Most enterprise AI projects don't ship. The ones that do almost always ran into the same wall — a wall that has nothing to do with the model. Below is the checklist we wish every RAG demo came with: twelve concrete items, in roughly the order they bite you.
1. Citation tracking is non-negotiable
Every generated answer must point to its source documents. If you can't show which chunks the model drew from, you can't audit it, you can't debug retrieval, and you can't prove faithfulness. This is the first feature, not the last.
2. Refusal patterns beat clever prompts
Train and prompt explicitly for 'I don't know' as an acceptable answer. The cheapest defense against confident-but-wrong outputs is a model that knows how to refuse — and a UI that treats refusal as a normal response state, not an error.
3. Eval harness on day one
Curate a ground-truth dataset before you ship. Run faithfulness scoring, refusal correctness, and latency budgets in CI on every prompt change. The eval set is what carries you across model upgrades; if you don't have one, every model swap is a religious argument.

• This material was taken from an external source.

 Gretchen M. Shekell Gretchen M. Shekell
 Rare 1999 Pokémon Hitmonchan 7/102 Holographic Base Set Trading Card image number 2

4 – 12. The rest of the list
- Hybrid retrieval (dense + sparse + filters), not pure-vector
- Reranking on the top-k, evaluated against your real workload
- Prompt versioning + diff in CI, with eval gates before promotion
- Cost-per-query monitoring per use case, not per call
- Model tiering — cheap models for routine, expensive for hard
- Semantic caching of common queries, retrieved-context cache
- Drift monitoring against the eval dataset, weekly
- Human-in-the-loop checkpoints for high-impact actions
- Audit logging: input, output, retrieved chunks, model version, user
If you're missing more than three of these, the demo will look great and production will stall. If you're missing more than six, you don't have a RAG system — you have a prototype that sells. The list above is what closes that gap.